With pictures left out, output exactly the lines of the listing below from the line that has "Villeroy and Boch Finion Villeroy" to the line that has "thumbnail image 2", both lines kept.

Records shown
*** Block opens ***

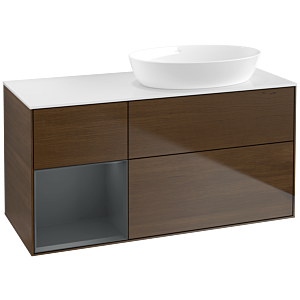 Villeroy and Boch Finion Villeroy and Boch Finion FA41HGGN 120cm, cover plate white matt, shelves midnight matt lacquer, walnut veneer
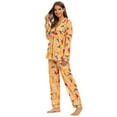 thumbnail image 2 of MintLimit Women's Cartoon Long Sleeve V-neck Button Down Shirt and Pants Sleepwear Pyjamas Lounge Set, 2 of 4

*** Block closes ***
*** Block opens ***

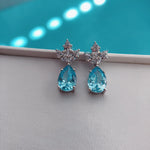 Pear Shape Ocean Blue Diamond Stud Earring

*** Block closes ***
*** Block opens ***

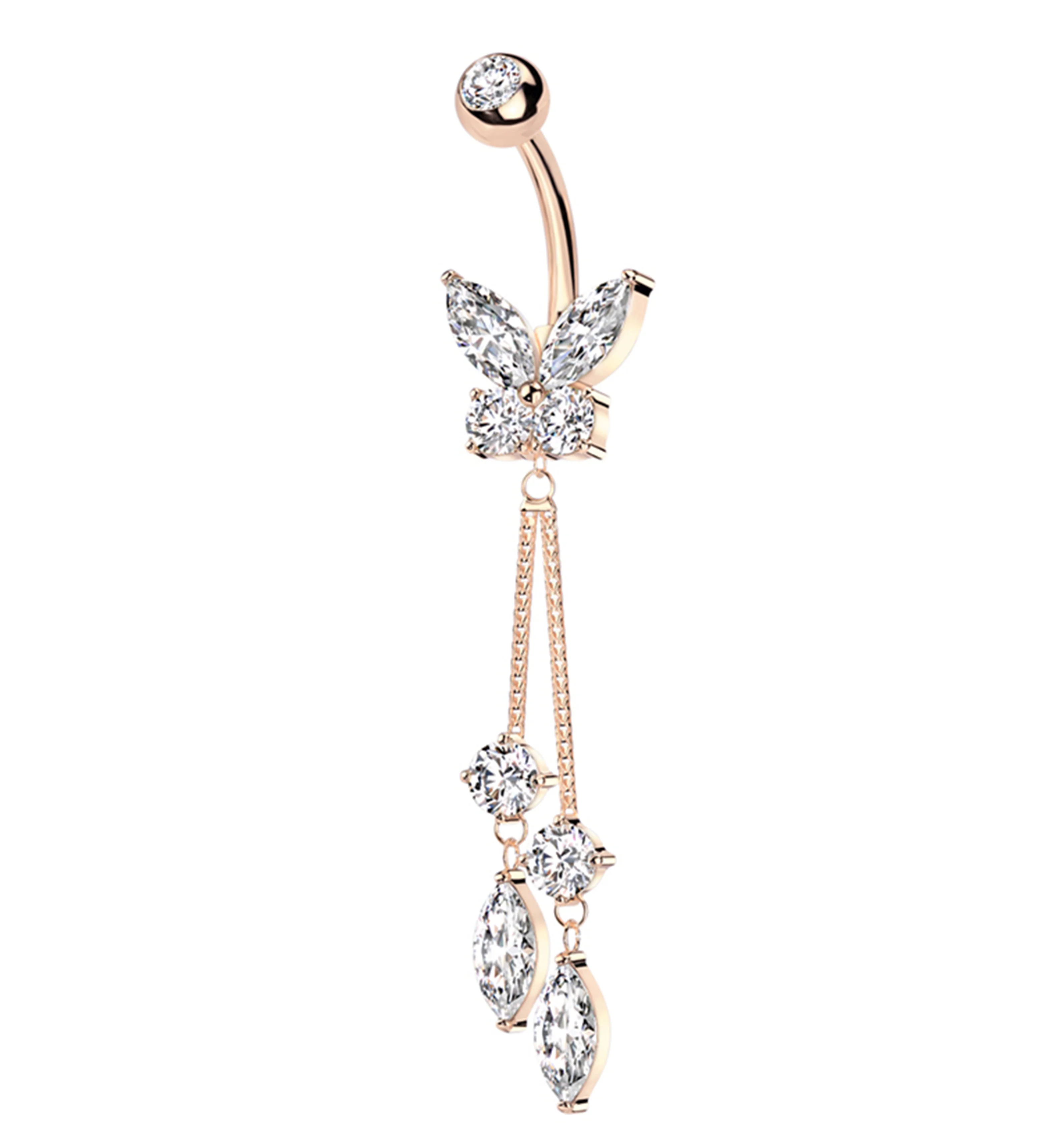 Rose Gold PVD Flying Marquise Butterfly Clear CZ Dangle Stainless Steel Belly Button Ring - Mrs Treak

*** Block closes ***

Written reply
 Villeroy and Boch Finion Villeroy and Boch Finion FA41HGGN 120cm, cover plate white matt, shelves midnight matt lacquer, walnut veneer
 thumbnail image 2 of MintLimit Women's Cartoon Long Sleeve V-neck Button Down Shirt and Pants Sleepwear Pyjamas Lounge Set, 2 of 4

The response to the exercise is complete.